Task prompt |
From the listing below, please restate exactly the lines beginning at the one with "Мыло медовое 90 г" and ending at the one with "Wireless Page Turner", both included, and skip the pictures.

The input |

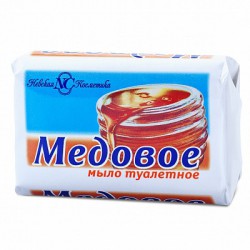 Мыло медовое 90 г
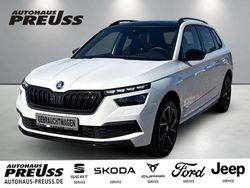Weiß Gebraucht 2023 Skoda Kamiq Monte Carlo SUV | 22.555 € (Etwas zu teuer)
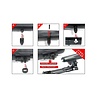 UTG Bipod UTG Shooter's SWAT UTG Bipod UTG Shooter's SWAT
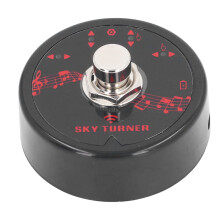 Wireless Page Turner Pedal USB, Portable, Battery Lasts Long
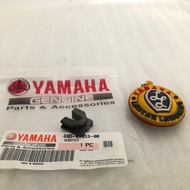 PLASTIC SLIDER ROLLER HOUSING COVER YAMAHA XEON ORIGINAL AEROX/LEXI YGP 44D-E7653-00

* * *

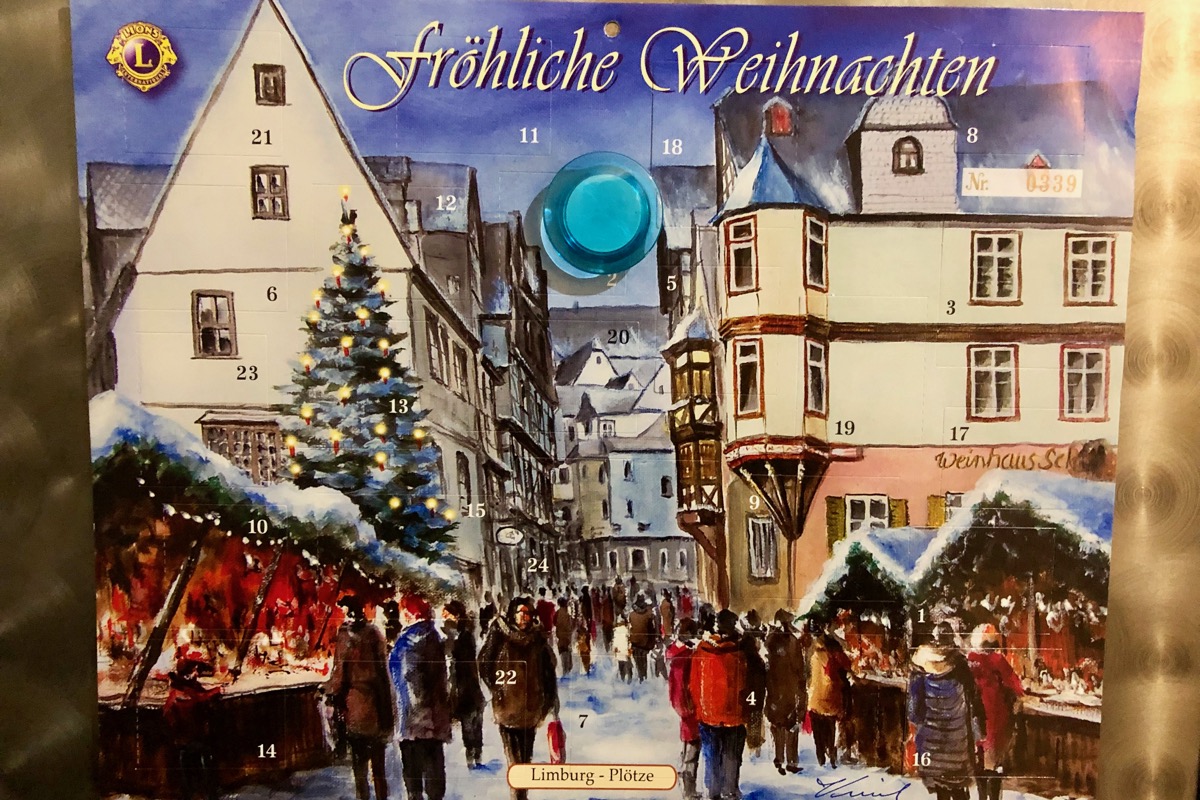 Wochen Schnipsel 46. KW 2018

Task output |
 Мыло медовое 90 г
Weiß Gebraucht 2023 Skoda Kamiq Monte Carlo SUV | 22.555 € (Etwas zu teuer)
 UTG Bipod UTG Shooter's SWAT UTG Bipod UTG Shooter's SWAT
 Wireless Page Turner Pedal USB, Portable, Battery Lasts Long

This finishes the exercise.